*SOURCE INFORMATION*.
= = =
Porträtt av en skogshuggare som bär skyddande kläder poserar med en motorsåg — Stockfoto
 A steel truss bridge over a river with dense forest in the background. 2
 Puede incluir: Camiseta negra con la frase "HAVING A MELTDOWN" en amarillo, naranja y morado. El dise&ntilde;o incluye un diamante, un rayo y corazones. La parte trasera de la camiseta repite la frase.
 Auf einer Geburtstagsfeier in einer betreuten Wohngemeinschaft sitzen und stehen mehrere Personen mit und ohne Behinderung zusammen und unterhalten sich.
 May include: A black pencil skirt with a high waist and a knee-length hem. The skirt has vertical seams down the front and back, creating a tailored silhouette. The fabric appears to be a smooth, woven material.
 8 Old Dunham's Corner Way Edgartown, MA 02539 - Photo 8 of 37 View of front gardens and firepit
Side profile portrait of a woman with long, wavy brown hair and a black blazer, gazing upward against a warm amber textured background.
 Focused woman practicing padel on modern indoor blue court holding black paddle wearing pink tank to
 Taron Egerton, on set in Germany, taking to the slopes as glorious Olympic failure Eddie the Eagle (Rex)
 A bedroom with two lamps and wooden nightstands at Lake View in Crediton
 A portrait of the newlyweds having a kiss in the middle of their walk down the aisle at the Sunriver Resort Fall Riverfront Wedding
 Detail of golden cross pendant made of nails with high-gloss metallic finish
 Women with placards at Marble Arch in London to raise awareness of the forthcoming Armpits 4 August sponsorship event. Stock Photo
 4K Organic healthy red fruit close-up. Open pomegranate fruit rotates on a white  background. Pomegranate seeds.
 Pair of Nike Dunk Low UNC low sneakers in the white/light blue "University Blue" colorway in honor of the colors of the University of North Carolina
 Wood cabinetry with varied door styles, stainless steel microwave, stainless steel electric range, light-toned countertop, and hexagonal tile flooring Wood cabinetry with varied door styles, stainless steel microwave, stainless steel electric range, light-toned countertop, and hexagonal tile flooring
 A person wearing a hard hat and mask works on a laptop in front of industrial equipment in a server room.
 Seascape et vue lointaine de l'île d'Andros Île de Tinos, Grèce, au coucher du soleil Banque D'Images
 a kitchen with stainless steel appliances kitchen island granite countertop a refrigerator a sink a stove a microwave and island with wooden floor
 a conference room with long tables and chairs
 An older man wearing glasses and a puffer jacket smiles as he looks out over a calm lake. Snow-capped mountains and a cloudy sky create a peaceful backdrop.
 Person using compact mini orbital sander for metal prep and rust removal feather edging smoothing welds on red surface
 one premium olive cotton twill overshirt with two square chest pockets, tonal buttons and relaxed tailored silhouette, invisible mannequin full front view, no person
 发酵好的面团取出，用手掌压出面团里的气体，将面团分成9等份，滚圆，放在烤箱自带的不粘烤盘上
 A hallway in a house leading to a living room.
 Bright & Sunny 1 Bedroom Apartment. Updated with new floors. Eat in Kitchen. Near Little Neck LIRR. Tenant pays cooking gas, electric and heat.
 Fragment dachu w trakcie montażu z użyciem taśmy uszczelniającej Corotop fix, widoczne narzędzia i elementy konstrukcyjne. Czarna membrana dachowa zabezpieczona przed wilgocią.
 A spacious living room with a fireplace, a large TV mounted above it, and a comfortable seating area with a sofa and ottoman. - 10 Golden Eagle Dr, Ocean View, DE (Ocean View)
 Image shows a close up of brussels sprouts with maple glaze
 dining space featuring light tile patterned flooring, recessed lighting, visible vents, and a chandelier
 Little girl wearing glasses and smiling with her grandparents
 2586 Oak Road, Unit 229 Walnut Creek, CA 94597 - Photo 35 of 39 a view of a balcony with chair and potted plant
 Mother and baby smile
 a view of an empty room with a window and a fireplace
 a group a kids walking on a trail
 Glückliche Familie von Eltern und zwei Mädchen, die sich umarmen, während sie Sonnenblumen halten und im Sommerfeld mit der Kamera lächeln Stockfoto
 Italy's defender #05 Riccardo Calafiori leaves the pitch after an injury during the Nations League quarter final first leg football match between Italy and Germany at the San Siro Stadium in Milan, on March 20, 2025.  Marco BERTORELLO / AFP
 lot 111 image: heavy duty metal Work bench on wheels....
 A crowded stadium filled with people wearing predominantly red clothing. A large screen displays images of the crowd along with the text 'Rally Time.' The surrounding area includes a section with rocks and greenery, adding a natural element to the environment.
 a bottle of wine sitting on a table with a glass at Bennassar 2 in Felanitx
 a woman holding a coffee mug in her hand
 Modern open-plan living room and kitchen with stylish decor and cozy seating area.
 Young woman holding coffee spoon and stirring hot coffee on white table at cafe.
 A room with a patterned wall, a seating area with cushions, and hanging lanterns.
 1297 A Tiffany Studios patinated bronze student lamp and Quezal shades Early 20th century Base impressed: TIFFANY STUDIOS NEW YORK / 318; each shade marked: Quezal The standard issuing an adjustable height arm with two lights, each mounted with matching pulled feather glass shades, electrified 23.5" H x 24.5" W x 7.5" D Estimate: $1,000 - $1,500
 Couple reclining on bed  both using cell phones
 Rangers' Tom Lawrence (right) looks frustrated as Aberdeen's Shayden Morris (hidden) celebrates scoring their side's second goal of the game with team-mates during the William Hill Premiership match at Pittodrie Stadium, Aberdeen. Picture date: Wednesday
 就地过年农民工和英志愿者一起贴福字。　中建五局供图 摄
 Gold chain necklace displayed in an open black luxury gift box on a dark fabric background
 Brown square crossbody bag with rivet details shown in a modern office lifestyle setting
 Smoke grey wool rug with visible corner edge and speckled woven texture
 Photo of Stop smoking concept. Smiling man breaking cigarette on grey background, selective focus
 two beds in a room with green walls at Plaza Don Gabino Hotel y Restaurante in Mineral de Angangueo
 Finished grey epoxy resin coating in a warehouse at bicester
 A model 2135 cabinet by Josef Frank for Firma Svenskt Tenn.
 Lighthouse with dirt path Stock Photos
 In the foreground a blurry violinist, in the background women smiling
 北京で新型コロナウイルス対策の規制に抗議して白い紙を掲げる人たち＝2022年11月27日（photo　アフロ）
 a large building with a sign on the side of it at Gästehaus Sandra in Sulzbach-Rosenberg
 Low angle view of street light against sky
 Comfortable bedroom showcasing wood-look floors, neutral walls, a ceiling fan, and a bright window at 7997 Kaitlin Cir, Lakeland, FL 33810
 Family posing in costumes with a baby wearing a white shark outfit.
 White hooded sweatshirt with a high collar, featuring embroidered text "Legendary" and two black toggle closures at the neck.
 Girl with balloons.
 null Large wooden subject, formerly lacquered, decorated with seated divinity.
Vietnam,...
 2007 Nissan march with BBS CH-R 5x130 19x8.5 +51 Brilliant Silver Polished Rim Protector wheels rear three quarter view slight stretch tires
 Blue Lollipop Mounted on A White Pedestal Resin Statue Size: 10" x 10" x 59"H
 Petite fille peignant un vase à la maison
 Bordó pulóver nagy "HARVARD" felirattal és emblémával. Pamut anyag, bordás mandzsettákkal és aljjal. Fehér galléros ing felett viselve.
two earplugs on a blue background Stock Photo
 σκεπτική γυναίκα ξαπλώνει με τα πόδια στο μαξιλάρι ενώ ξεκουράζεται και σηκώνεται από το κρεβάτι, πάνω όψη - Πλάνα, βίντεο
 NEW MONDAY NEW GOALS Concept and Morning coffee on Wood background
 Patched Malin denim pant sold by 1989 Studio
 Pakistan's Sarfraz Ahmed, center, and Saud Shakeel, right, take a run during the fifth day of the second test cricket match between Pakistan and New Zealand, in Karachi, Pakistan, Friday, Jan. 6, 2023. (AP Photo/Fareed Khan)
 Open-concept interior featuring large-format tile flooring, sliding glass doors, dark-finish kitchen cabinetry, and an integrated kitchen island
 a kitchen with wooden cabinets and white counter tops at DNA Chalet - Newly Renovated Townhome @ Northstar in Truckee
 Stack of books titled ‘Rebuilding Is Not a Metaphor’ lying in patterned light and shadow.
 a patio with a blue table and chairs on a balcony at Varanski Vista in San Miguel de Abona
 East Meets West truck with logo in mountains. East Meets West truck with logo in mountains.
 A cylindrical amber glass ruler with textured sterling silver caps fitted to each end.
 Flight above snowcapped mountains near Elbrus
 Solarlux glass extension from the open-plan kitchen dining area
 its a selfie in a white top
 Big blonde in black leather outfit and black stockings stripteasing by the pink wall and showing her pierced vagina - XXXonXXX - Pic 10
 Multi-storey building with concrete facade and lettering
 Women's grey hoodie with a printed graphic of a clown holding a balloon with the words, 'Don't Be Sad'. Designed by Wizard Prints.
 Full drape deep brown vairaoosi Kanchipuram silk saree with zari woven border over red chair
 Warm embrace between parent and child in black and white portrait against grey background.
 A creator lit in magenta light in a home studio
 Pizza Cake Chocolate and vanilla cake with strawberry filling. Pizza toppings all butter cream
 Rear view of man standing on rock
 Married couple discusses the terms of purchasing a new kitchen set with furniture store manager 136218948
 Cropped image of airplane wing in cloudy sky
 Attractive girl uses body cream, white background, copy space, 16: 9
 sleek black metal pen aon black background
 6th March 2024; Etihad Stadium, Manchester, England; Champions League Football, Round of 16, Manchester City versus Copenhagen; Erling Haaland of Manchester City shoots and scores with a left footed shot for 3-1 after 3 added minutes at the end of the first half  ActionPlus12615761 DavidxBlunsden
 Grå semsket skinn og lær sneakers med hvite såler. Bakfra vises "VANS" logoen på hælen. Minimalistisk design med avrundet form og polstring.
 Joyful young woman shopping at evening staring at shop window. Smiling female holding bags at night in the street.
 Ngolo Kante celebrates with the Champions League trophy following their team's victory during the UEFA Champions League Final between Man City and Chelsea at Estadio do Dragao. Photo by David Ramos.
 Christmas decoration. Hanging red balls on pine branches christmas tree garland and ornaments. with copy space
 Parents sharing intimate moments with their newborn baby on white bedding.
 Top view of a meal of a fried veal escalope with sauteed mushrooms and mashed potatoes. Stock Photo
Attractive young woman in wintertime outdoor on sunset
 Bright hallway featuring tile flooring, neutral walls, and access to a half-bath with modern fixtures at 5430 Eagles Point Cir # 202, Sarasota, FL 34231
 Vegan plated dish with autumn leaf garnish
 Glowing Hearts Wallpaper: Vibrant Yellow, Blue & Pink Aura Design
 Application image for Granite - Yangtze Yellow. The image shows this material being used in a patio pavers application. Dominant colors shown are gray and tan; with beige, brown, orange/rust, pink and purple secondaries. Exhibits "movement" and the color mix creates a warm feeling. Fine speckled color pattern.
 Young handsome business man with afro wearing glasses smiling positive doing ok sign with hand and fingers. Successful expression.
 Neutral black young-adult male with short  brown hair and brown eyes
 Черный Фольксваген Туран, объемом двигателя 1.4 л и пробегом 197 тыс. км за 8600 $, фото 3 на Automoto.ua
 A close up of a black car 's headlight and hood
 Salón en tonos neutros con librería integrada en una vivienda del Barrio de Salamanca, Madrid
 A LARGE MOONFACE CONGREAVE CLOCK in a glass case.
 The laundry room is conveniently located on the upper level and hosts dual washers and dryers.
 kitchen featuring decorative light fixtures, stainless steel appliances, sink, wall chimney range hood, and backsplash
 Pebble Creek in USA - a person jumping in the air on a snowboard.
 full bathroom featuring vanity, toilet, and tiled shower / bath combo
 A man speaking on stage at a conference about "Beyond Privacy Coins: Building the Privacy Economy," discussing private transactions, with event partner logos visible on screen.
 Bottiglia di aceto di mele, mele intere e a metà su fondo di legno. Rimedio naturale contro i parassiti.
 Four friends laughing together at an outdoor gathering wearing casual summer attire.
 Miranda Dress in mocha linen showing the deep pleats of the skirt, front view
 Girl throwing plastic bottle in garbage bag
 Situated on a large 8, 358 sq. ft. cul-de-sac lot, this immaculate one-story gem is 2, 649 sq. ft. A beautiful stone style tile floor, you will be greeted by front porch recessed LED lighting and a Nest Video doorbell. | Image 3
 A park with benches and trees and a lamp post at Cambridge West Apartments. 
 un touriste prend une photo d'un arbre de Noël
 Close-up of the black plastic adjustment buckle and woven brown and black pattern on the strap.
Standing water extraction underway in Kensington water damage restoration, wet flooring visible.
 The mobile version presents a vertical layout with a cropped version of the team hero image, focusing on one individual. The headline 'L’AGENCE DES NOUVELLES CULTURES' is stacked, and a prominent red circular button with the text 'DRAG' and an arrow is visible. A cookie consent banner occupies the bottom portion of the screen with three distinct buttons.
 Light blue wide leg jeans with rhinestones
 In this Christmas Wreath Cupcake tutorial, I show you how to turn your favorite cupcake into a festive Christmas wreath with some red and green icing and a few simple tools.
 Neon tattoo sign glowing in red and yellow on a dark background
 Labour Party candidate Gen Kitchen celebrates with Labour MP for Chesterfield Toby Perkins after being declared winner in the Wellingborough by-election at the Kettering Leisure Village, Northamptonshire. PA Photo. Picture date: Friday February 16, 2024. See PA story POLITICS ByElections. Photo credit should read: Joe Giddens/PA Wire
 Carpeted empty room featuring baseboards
= = =
*WHAT TO DO*.
Your reply must contain exactly the lines from the first line of the data through the line holding "Puede incluir: Camiseta", and nothing more.

*RESPONSE AREA*.
Porträtt av en skogshuggare som bär skyddande kläder poserar med en motorsåg — Stockfoto
 A steel truss bridge over a river with dense forest in the background. 2
 Puede incluir: Camiseta negra con la frase "HAVING A MELTDOWN" en amarillo, naranja y morado. El dise&ntilde;o incluye un diamante, un rayo y corazones. La parte trasera de la camiseta repite la frase.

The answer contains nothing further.